Figure 4.

Colony stimulating factor 1 (CSF-1) is associated with in vitro EMT in IBC cells. (A) Transcriptional profiling of inflammation-related genes in SUM149 and SUM190 IBC cells cultured in monolayer and Matrigel culture conditions, assayed by quantitative RT-PCR. For each marker, the samples from monolayer culture conditions were set as normalizers, and all relative expression values were log2 transformed. Bars, standard error of the mean. (B) Bright-field images depicting typical morphologies of SUM149 and SUM190 cells cultured in Matrigel culture conditions treated with different concentrations of a CSF-1 receptor inhibitor, BLZ945. (C) Transcriptional profiling of EMT markers in Matrigel-cultured SUM149 cells treated with different concentrations of BLZ945, assayed by quantitative RT-PCR. For each marker, the samples from untreated controls were set as normalizers, and all relative expression values were log2 transformed.

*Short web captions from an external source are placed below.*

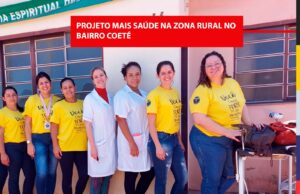 Projeto Mais Saúde na Zona Rural no Bairro Coeté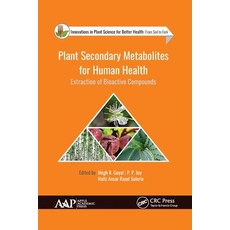(英文圖書) Plant Secondary Metabolites for Human Health: Extraction of Bioactive Compounds 平裝版, Apple Academic Press, 英文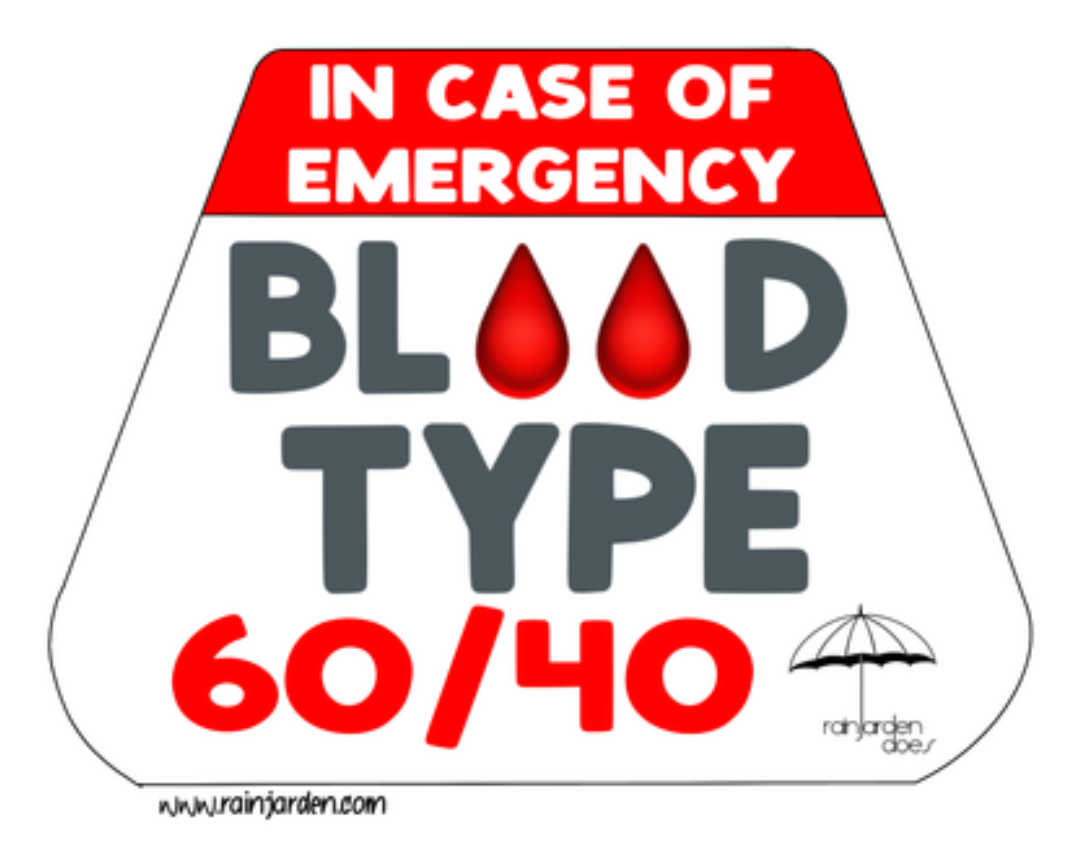 Blood Type 60/40 Sticker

Bars, standard error of the mean. (D) Western blots for CSF-1 and E-cadherin in SUM149 cells cultured in monolayer or Matrigel, in which SUM149 cells were treated with BLZ945 (0, 2, or 5 µM in the final concentration). The bands (at around 48 kDa) stained with Ponceau S are shown as a loading control. Full-length blots with different exposure times are presented in Suplementary Fig. S11.